Revue de presse Asie - 1er juillet 2016

Intérêts chinois selon Xi Jinping, procès de Yingluck Shinawatra et croissance indienne

Dans son discours introductif pour le 95e anniversaire du PC chinois, Xi Jinping a accordé une place inédite à la politique étrangère. Copie d'écran du South China Morning Post, le 1er juillet 2016.
Dans son discours introductif pour le 95e anniversaire du PC chinois, Xi Jinping a accordé une place inédite à la politique étrangère. Copie d'écran du South China Morning Post, le 1er juillet 2016.

Asie du Nord-Est

South China Morning Post – Alors que le PC chinois fête ses 95 ans ce vendredi 1er juillet, le discours d’ouverture de Xi Jinping a paticulièrement attiré l’attention des observateurs. Et pour cause : le numéro un du Parti a accordé une large place à la politique étrangère chinoise – un fait « rare », décrit le South China Morning Post. « La Chine ne convoite pas les intérêts des autres nations, mais nous ne transigerons jamais sur nos droits légitimes », se défend Xi, avant d’ajouter : « Les nations étrangères ne devraient pas nous penser prêts à marchander sur nos intérêts fondamentaux ou à accepter les conséquences de la remise en cause de nos intérêts en matière de souveraineté, de sécurité ou de développement. » Une allusion à peine voilée au prochain jugement de la Cour permanente d’Arbritrage sur les conflits de souveraineté opposant Pékin à Manille en mer de Chine du Sud : l’institution a annoncé hier qu’elle rendrait son verdict le 12 juillet (voir notre revue de presse du 30 mai).

Sans être nommés, les Etats-Unis ont été également visés par le président chinois dans son discours. Faisant référence aux patrouilles de navires américains au large des Paracels et des Spratleys, Xi a ainsi déclaré : « La Chine persévèrera dans son approche militaire de défense nationale active. Nous ne chercherons pas à proférer de menace d’usage de la force ou à montrer notre puissance militaire aux portes des autres Etats. […] Montrer ses muscles de la sorte ne constitue en rien une véritable démonstration de puissance et ne dissuadera jamais personne. » Un message directement envoyé aux candidats à la présidentielle américaine, Donald Trump et Hillary Clinton, qui ont tous deux promis de durcir la politique vis-à-vis de la Chine.

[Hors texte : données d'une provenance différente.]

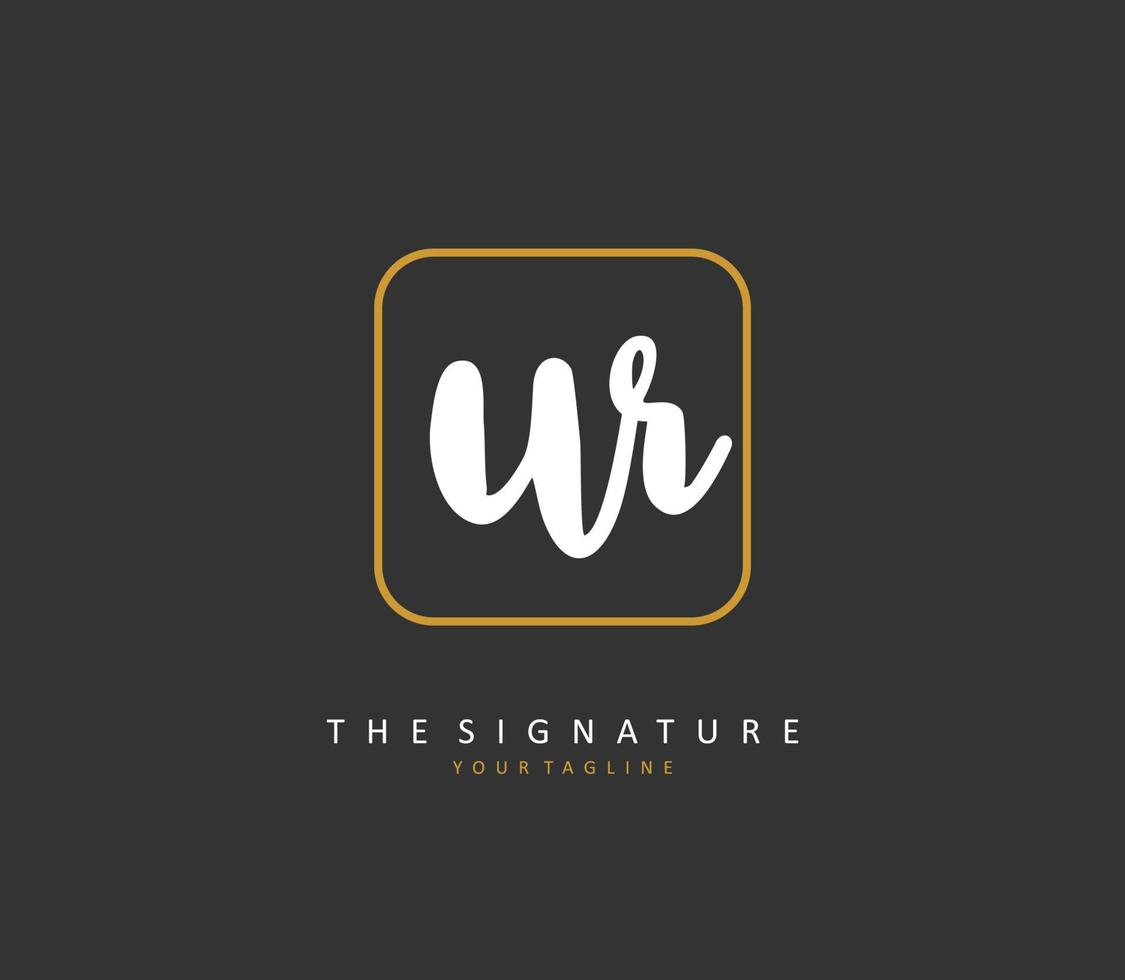 UR Initial letter handwriting and  signature logo. A concept handwriting initial logo with template element. vector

Parallèlement à ces déclarations assertives, le PC chinois ne délaisse pas sa quête de soft power. En atteste la dernière vidéo mise en ligne par la Ligue des jeunes communistes chinois : celle d’un clip de rap en anglais intitulé « This is China ». Le but ? « Redorer l’image que se font les étrangers de la Chine » à coups de paroles aussi dythyrambiques que « rassurantes », justifiant par exemple la pollution de Tianjin et de Pékin en la comparant à celle de New York et de Londres dans les années 1950… Et le refrain d’asséner : « C’est ça la Chine. Le dragon rouge n’a rien de mauvais, c’est un endroit paisible et une terre magnifique où subsiste une riche culture. »

Regarder le clip de « This is China » :

Focus Taiwan – Maladresse dans un mauvais contexte. C’est le jour même du 95e anniversaire du PC chinois qu’une corvette taïwanaise, stationnée au sud de l’île, a lancé « par erreur » un missile supersonique antinavire lors d’un exercice de contrôle. Il s’est écrasé sur un chalutier au large de l’archipel de Penghu, tuant son capitaine et blessant trois membres d’équipage. D’une portée maximale de 300 kilomètres, le missile Hsiung Feng III aurait théoriquement pu toucher la Chine continentale. Une enquête a été ouverte afin de déterminer les causes de l’incident, qui intervient dans un contexte de forte tension dans les relations sino-taïwanaises. Pékin a en effet récemment dévoilé avoir coupé les canaux de communication avec Taïwan depuis l’investiture de la présidente Tsai Ing-wen, dont le parti (DPP – Parti démocrate progressiste) refuse de renoncer à l’indépendance à long terme (voir notre revue de presse du 27 juin).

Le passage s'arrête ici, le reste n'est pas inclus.